= Problem to solve =
Every line from the start of the entries up to and including the one bearing "Panda Kılıf Panda" must be printed verbatim, without the pictures.

= Web page caption snippets =
########################################
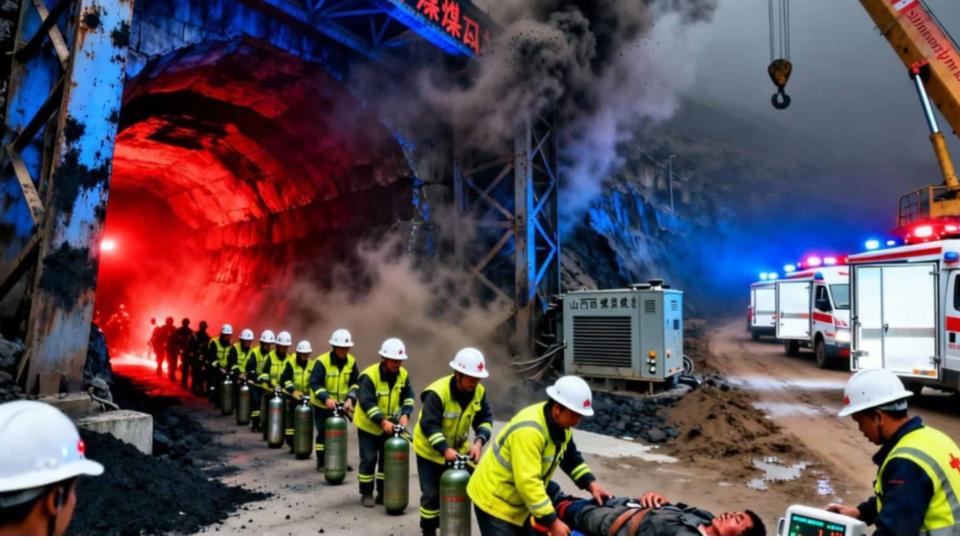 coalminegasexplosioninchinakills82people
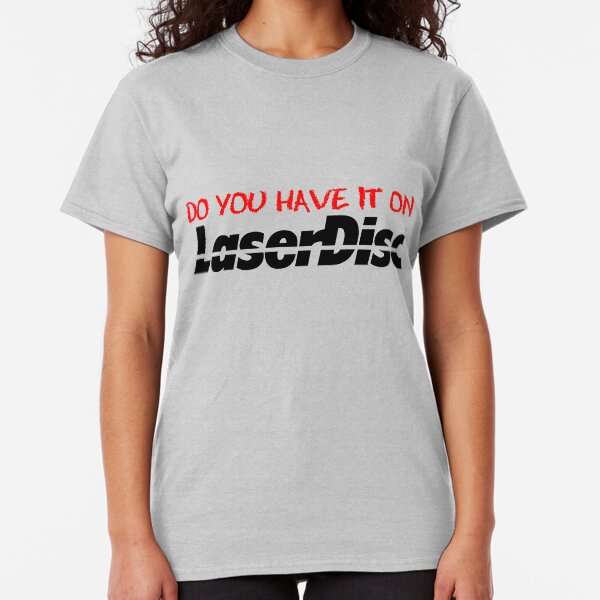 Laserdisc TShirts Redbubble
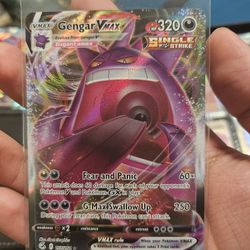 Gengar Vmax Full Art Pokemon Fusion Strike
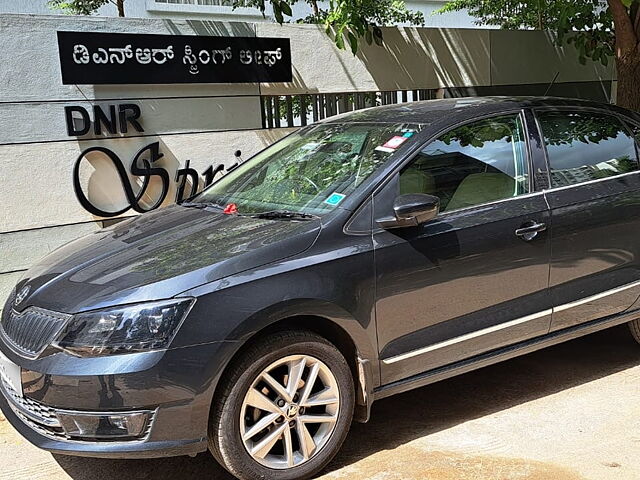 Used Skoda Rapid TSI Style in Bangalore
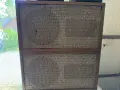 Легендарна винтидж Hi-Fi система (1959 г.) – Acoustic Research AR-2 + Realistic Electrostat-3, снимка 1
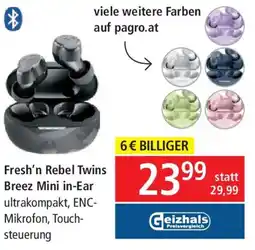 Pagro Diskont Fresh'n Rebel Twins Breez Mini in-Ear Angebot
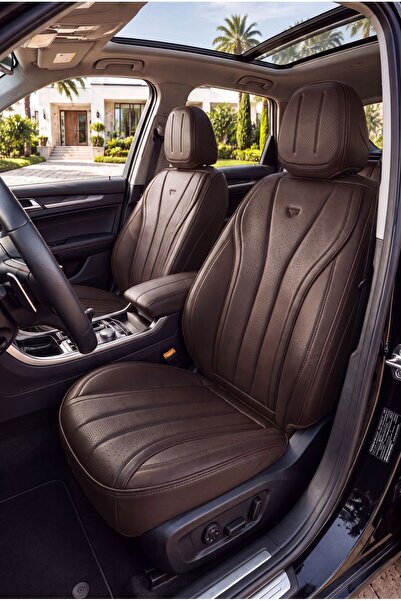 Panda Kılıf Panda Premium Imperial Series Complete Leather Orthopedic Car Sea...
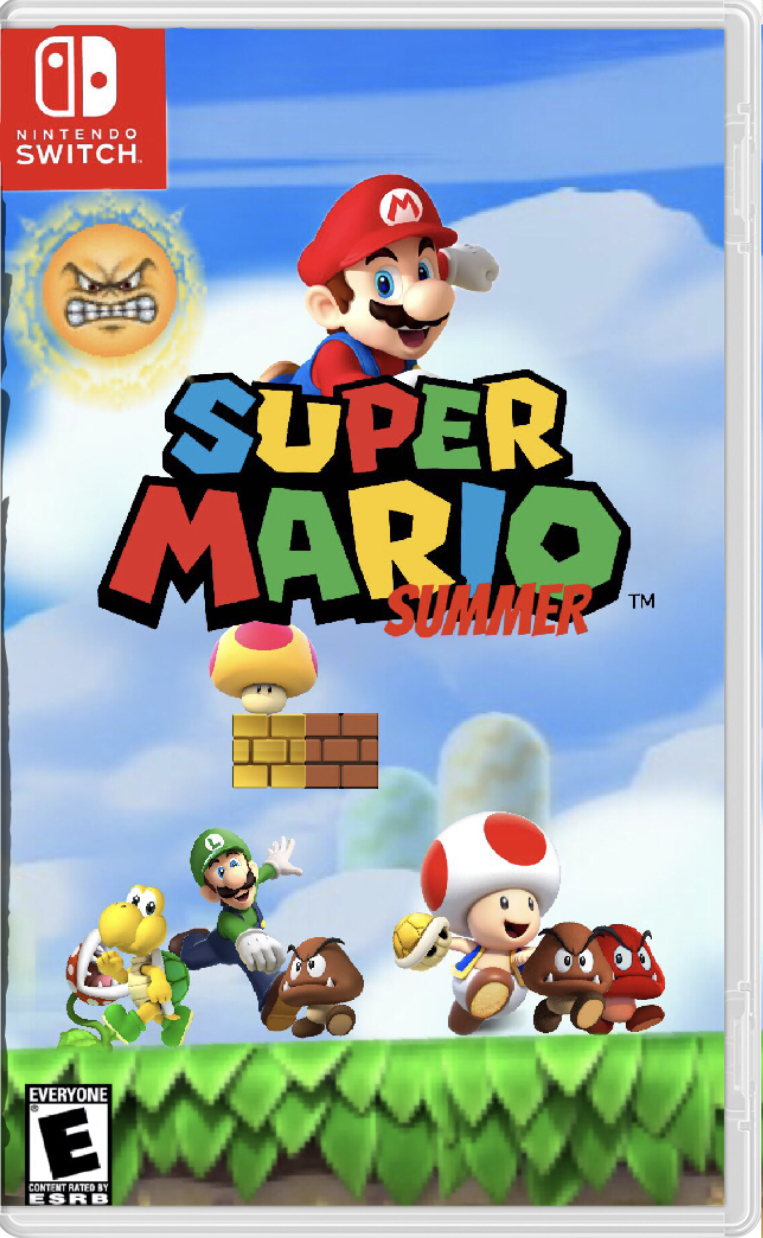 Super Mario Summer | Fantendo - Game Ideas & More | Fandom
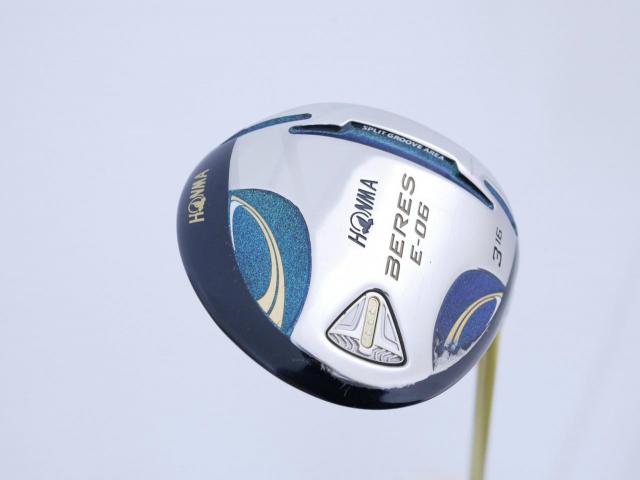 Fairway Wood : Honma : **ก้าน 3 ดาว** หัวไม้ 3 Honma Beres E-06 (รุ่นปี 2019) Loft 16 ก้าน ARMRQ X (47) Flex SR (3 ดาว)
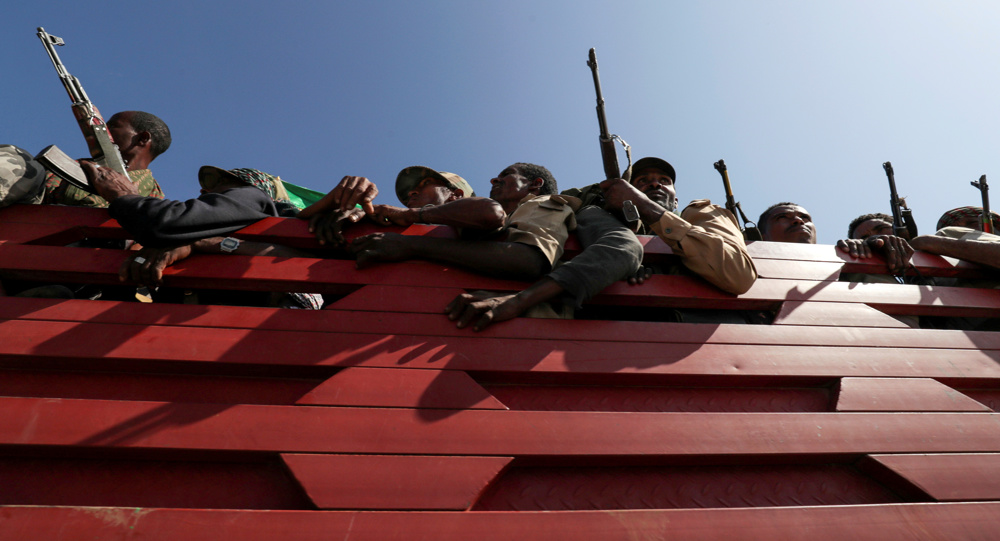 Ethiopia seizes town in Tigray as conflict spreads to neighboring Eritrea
########################################
= Response below =
 coalminegasexplosioninchinakills82people
 Laserdisc TShirts Redbubble
 Gengar Vmax Full Art Pokemon Fusion Strike
 Used Skoda Rapid TSI Style in Bangalore
 Легендарна винтидж Hi-Fi система (1959 г.) – Acoustic Research AR-2 + Realistic Electrostat-3, снимка 1
 Pagro Diskont Fresh'n Rebel Twins Breez Mini in-Ear Angebot
 Panda Kılıf Panda Premium Imperial Series Complete Leather Orthopedic Car Sea...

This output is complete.